LAWS(MAD)-1972-3-1

T S SRINIVASAN Vs. COMMISSIONER OF EXPENDITURE TAX

Decided On March 15, 1972
T.S. SRINIVASAN Appellant
V/S
COMMISSIONER OF EXPENDITURE-TAX Respondents

JUDGEMENT

(1.) THE assessee in this case was the karta of a Hindu undivided family consisting of himself, his wife, and his four minor children. During the assessment years 1959-60 and 1960-61, the assessee, in his capacity as karta of the said family, spent Rs. 9,529 and Rs. 21,643, respectively, for the benefit of his wife and minor children. THE Hindu undivided family became disrupted on December 21, 1959, and in the family partition certain properties were allotted to the wife and minor children of the assessee. After the said partition, in the assessment year 1961-62, a sum of Rs. 13,923 was spent by the wife and children from out of the properties allotted to them.

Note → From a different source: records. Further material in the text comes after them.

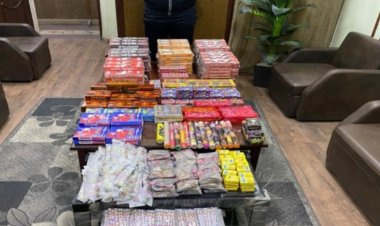 ضبط عاطل بحوزة 114 ألف قطعة ألعاب نارية فى الاسكندرية 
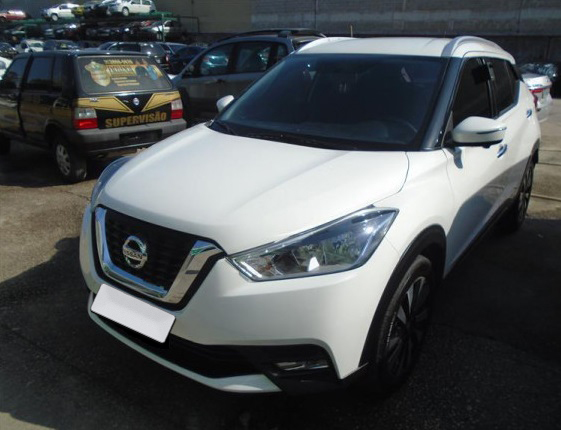 LOTE 024 NISSAN KICKS SL CVT 2019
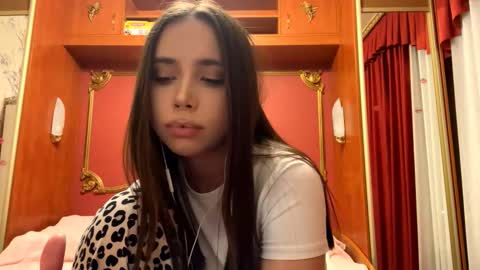 Laura online show from January 12, 2026, 2:22 pm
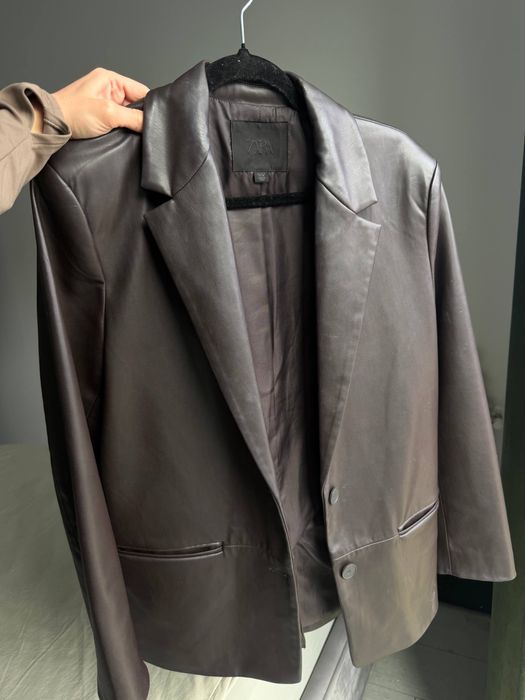 Піджак з екошкіри Zara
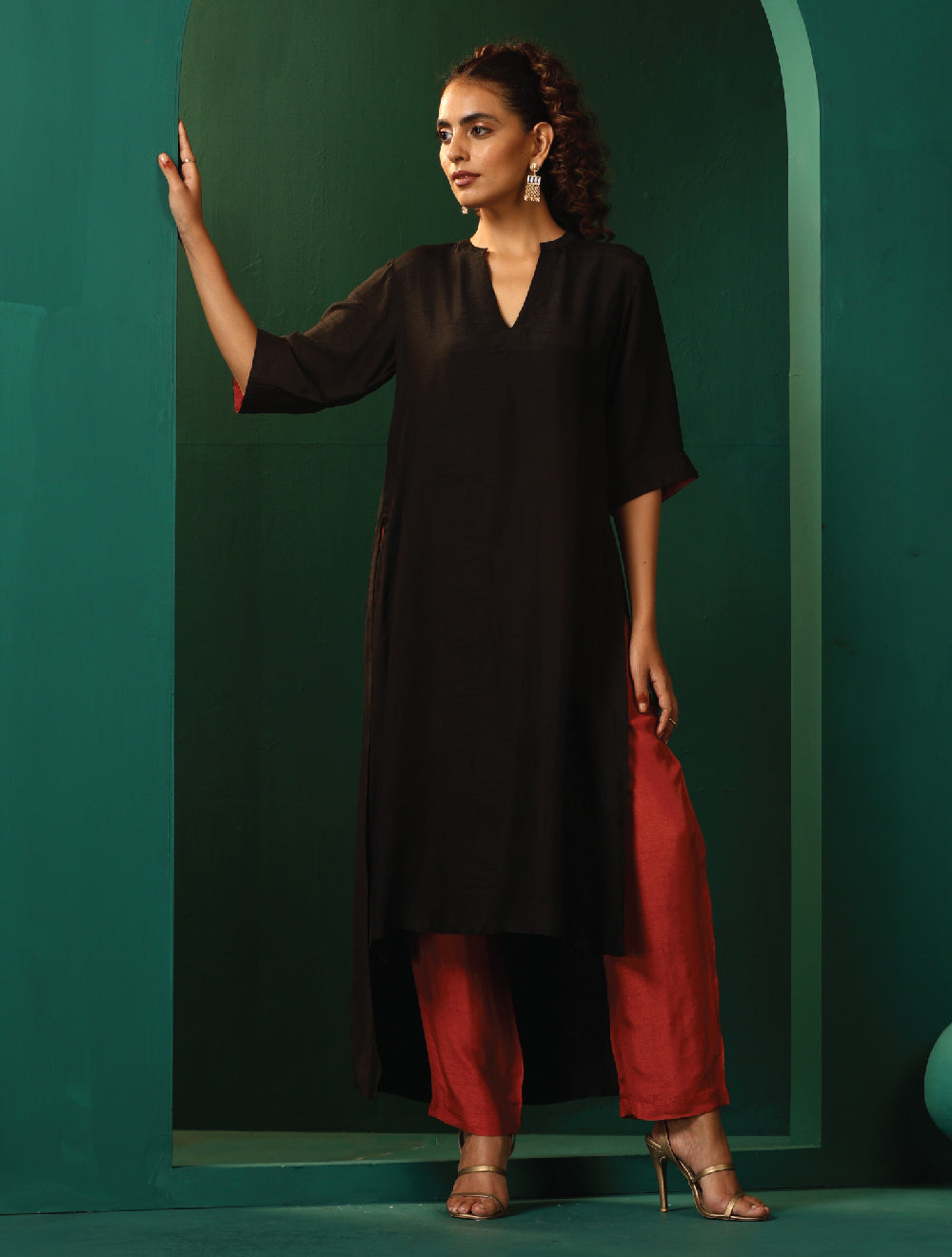 trueBrowns Black Silk High Low Kurta Pant Set - Distacart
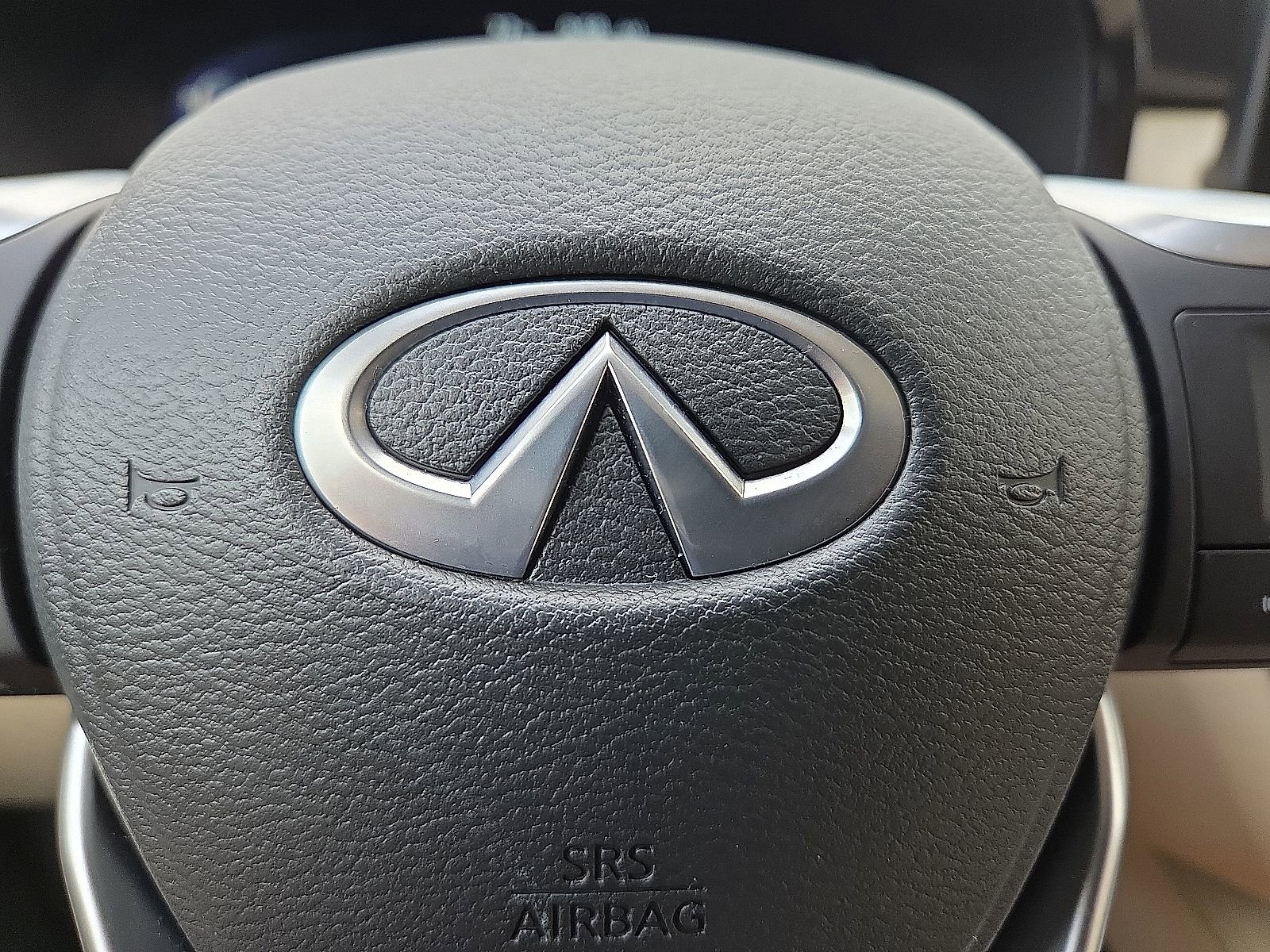 Used 2025 INFINITI QX60 Sensory w/ Vision Package AWD/4WD image 22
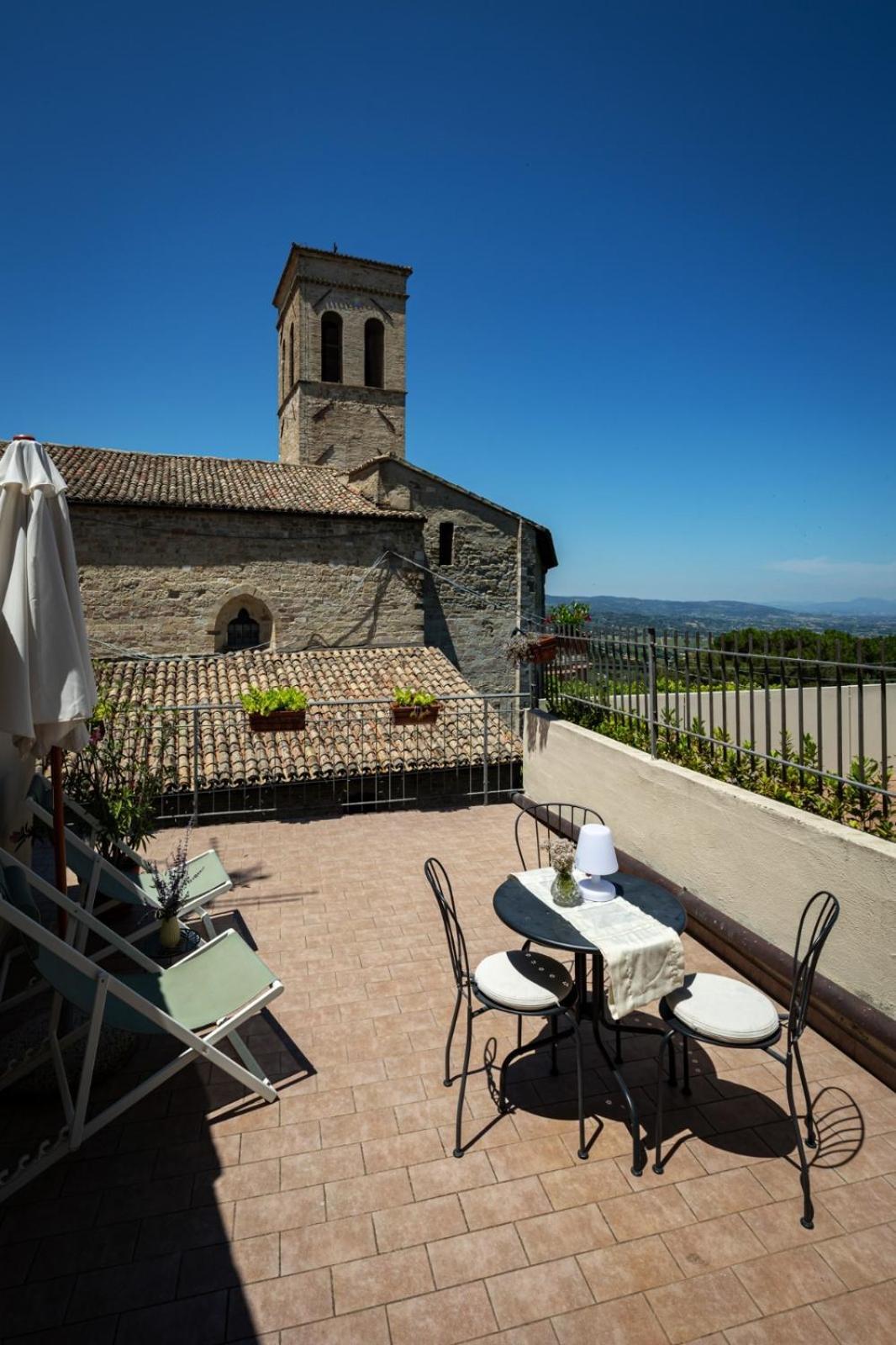 App. Con Terrazza Panoramica In Centro-Montefalco Εξωτερικό φωτογραφία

(2.) THE assessee filed separate returns for the assessment years 1959-60 and 1960-61, one in each year in his individual capacity and another in his capacity as the karta of the Hindu undivided family. In his individual returns he did not include the expenditure incurred by him as karta of the family for the benefit of his wife and minor children. THE said expenditure had, however, been included in the returns filed by him as karta of the Hindu undivided family. THE original individual assessments for 1959-60 and 1960-61 were completed on December 31, 1959, and December 31, 1960, on a taxable expenditure of Rs. 3,749 and Rs. 1,724, respectively. THE expenditure incurred by the assessee as karta for his wife and children was not included in his individual assessments, but the said expenditure had, however, been included in the assessments of the Hindu undivided family which was, however, declared not liable to expenditure-tax for those years.

(3.) WITH regard to the inclusion of the expenditure incurred by the Hindu undivided family on the assessee's wife and minor children in his individual assessment, the assessee had contended that the Hindu undivided family had an obligation to maintain his wife and children, that it was in discharge of that obligation that the Hindu undivided family had incurred the expenditure in question, that he himself was not under an obligation to maintain his wife and children so long as the Hindu undivided family was in existence and that, therefore, the expenditure in question should not be included in his individual assessments. The Tribunal rejected this contention also holding that even if the Hindu undivided family had an obligation to maintain the wife and minor children of the assessee, still, he, as an individual, was not absolved from his own personal obligation to maintain his wife and children and that, therefore, it should be taken that the expenditure incurred by the Hindu undivided family on the assessee's wife and children was in respect of an obligation of the assessee himself.